Given data Start Marker

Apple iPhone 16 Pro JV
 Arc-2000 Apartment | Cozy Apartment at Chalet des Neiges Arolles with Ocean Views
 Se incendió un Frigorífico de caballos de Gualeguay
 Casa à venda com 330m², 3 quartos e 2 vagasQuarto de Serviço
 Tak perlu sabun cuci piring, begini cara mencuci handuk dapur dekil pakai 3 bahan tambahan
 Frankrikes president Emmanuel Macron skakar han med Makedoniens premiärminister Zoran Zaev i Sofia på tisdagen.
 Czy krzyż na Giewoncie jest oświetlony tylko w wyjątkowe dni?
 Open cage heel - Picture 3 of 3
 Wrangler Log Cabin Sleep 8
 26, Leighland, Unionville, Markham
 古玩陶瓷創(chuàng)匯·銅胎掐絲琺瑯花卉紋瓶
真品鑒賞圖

Given data End Marker

Task to carry out:
Output exactly the lines of the data that run from the one containing "Casa à venda" to the very last line, and no others.

Exercise result:
 Casa à venda com 330m², 3 quartos e 2 vagasQuarto de Serviço
 Tak perlu sabun cuci piring, begini cara mencuci handuk dapur dekil pakai 3 bahan tambahan
 Frankrikes president Emmanuel Macron skakar han med Makedoniens premiärminister Zoran Zaev i Sofia på tisdagen.
 Czy krzyż na Giewoncie jest oświetlony tylko w wyjątkowe dni?
 Open cage heel - Picture 3 of 3
 Wrangler Log Cabin Sleep 8
 26, Leighland, Unionville, Markham
 古玩陶瓷創(chuàng)匯·銅胎掐絲琺瑯花卉紋瓶
真品鑒賞圖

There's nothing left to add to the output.